Atlanta did end up dealing away Mack, its third-string point guard, who, like Hinrich, is playing the fewest minutes he’s ever seen in his career at 7.5 a game. The 25-year-old Mack, a fifth-year veteran, becomes the most experienced point guard for the Jazz, who’ve de-emphasized the position in the wake of the offseason injury to Dante Exum that wiped out his season. Utah’s reported talks about swapping point guards Ty Lawson and Trey Burke fell through. Mack has a non-guaranteed salary of more than $2.433MM for next season.

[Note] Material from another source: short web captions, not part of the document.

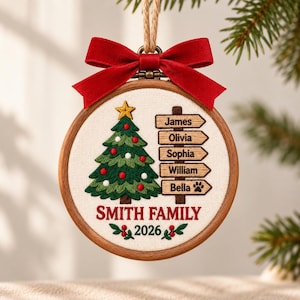 May include: A round wooden embroidery hoop ornament featuring a stitched Christmas tree with a yellow star, a signpost with the names James, Olivia, Sophia, William, and Bella, the text SMITH FAMILY 2026, and a red velvet bow with a jute hanging cord.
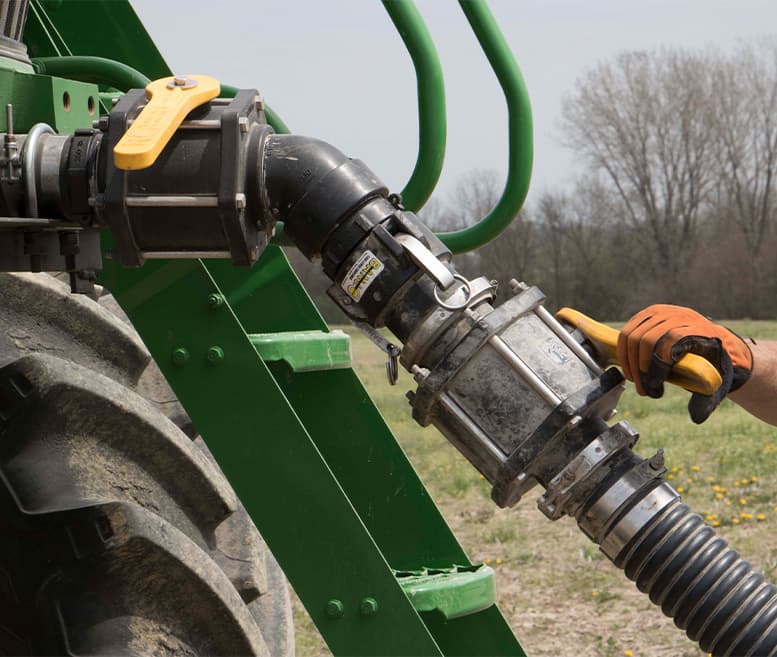 Banjo liquid handling valve installed on agricultural equipment, highlighting valve handle clearance and accessibility for OEM equipment design.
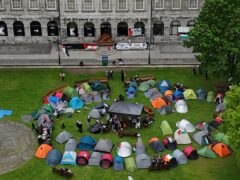 Students taking part in an encampment protest over the Gaza conflict on the grounds of Trinity College in Dublin (PA)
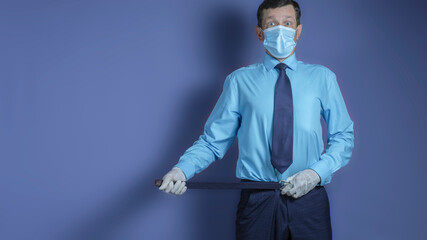 Businessman in a medical mask and medical gloves tightens a belt on his pants, isolated on background. Business crisis during a pandemic.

Holiday, the other player the Hawks gave up, picked up a championship with the Warriors last summer and shortly thereafter signed a two-year fully guaranteed deal for the minimum salary with Atlanta. His minutes are down slightly but his shot attempts and scoring are off markedly from last year’s numbers. The primary benefit for Chicago, aside from the pick, is the financial savings, as the Bulls subtract the $1,907,664 difference between Hinrich’s and Holiday’s salaries from their payroll. That also clears the Bulls of nearly $2.9MM in projected luxury tax penalties. The deal allows Chicago to create a trade exception equivalent to Hinrich’s $2,854,940 salary.

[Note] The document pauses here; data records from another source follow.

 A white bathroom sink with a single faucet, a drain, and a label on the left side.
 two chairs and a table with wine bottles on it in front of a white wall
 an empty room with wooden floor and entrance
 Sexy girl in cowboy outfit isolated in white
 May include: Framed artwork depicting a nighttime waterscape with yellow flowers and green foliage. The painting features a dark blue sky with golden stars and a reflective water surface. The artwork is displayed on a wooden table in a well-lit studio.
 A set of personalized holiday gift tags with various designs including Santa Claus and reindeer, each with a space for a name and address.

Atlanta gets to create a trade exception worth the equivalent of Holiday’s $947,276 salary, since Mack’s $2,433,333 pay is a close match with Hinrich’s, even though a 15% trade kicker that Chicago is paying Hinrich gives him a slight bump on his salary. The Jazz remain under the cap, using a slice of the roughly $7.6MM in cap room they had entering deadline day to take in Mack’s salary.

Brian Windhorst of ESPN.com broke the news that Hinrich was headed to Atlanta (Twitter link), while Adrian Wojnarowski of The Vertical on Yahoo Sports reported the Jazz were getting Mack and giving up a second-round pick (Twitter link). K.C. Johnson of the Chicago Tribune relayed that Holiday was going to the Bulls and that all the pieces were part of the same three-teamer, rather than separate deals (Twitter link). Chris Vivlamore of the Atlanta Journal-Constitution pegged the second-round pick going to Chicago as Denver’s 2018 second-rounder. RealGM shows that the pick carries no protection.

Eastern Notes: Horford, Calderon, Harris

The Hawks took center Al Horford off the market at approximately 1pm today, Chris Broussard of ESPN.com relays (Twitter links). Prospective trade partners were wary of Horford’s impending free agency, which made the offers Atlanta received less than enticing, Broussard adds. Point guard Jeff Teague was available until the final minutes of the deadline, with the Bucks and Nets expressing the most interest, the ESPN scribe notes.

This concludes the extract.